Your task is to copy each line of the records that includes the string "Forest".

[Opening Data for this exercise section]

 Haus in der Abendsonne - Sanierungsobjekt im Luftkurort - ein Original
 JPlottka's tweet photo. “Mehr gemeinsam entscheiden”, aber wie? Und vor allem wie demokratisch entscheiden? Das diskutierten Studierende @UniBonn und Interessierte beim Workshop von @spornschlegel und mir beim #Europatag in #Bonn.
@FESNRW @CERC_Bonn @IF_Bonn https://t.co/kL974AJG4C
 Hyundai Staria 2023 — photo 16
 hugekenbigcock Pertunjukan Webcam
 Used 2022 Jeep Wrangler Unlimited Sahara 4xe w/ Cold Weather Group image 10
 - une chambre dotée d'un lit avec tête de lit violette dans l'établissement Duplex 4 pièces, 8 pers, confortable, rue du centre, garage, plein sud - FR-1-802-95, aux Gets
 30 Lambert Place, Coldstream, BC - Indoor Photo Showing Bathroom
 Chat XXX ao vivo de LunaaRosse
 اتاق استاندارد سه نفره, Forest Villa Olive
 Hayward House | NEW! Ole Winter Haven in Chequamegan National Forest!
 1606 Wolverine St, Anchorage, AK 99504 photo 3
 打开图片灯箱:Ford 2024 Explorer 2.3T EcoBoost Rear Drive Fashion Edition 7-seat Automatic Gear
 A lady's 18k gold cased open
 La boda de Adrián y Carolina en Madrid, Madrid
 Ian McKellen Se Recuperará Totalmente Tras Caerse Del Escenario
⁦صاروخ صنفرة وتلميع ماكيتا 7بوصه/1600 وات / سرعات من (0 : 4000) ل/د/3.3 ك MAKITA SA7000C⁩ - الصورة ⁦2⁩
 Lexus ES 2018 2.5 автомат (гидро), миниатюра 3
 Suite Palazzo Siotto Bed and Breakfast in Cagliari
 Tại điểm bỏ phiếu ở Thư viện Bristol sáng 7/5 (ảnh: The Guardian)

[Closing Data for this exercise section]

[Answer box]
 اتاق استاندارد سه نفره, Forest Villa Olive
 Hayward House | NEW! Ole Winter Haven in Chequamegan National Forest!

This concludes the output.